RECORD EXCERPTS Block Start

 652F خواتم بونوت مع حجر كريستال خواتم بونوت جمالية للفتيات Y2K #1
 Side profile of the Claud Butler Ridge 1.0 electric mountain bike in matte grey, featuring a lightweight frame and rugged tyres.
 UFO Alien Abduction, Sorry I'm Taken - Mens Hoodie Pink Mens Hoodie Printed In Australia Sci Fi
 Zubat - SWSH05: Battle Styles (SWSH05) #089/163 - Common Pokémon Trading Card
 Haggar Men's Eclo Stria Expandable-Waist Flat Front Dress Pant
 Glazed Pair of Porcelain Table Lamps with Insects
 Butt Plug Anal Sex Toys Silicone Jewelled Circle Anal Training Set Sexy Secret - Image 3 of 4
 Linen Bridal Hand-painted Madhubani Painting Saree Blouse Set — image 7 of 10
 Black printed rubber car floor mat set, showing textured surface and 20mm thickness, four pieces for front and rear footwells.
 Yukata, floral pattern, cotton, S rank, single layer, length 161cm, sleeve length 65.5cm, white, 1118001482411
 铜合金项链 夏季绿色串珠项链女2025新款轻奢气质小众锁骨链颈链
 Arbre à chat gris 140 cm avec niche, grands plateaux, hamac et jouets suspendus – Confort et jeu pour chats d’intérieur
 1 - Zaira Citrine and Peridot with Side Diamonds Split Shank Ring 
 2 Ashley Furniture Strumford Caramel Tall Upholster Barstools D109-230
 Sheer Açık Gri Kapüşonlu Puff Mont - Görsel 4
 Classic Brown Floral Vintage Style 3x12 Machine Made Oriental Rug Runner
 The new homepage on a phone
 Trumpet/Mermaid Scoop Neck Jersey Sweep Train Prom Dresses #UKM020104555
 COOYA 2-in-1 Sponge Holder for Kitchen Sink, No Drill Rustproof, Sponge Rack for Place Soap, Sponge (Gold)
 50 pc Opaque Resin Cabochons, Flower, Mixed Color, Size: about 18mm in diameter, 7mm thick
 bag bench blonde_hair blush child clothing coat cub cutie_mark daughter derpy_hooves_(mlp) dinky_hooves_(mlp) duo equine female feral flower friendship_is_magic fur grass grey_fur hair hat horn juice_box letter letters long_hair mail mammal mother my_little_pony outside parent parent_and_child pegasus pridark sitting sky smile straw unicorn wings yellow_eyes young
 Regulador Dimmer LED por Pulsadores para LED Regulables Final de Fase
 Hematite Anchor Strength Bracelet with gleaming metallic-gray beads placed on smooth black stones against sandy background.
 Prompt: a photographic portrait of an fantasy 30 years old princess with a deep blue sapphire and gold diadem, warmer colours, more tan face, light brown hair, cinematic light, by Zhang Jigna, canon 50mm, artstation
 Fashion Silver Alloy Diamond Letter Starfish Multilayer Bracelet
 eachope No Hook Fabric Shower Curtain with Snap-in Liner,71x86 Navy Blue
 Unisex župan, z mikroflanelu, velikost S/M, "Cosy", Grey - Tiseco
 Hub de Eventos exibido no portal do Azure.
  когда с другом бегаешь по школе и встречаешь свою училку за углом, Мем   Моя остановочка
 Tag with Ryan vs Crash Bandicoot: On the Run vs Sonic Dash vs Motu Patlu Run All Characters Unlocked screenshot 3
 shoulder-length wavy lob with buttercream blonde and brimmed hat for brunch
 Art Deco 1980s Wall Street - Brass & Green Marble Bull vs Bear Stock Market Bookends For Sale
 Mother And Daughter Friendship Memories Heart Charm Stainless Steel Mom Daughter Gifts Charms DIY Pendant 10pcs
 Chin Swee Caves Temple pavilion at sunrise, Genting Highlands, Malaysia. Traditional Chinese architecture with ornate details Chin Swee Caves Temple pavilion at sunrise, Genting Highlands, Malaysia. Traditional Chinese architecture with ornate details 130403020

RECORD EXCERPTS Block End

**HOW TO COMPLETE THIS TASK**
Which lines of the data above contain "with"? Copy each one.

**OUTPUT OF THE EXERCISE**
 Glazed Pair of Porcelain Table Lamps with Insects
 1 - Zaira Citrine and Peridot with Side Diamonds Split Shank Ring 
 Hematite Anchor Strength Bracelet with gleaming metallic-gray beads placed on smooth black stones against sandy background.
 Prompt: a photographic portrait of an fantasy 30 years old princess with a deep blue sapphire and gold diadem, warmer colours, more tan face, light brown hair, cinematic light, by Zhang Jigna, canon 50mm, artstation
 eachope No Hook Fabric Shower Curtain with Snap-in Liner,71x86 Navy Blue
 Tag with Ryan vs Crash Bandicoot: On the Run vs Sonic Dash vs Motu Patlu Run All Characters Unlocked screenshot 3
 shoulder-length wavy lob with buttercream blonde and brimmed hat for brunch
 Chin Swee Caves Temple pavilion at sunrise, Genting Highlands, Malaysia. Traditional Chinese architecture with ornate details Chin Swee Caves Temple pavilion at sunrise, Genting Highlands, Malaysia. Traditional Chinese architecture with ornate details 130403020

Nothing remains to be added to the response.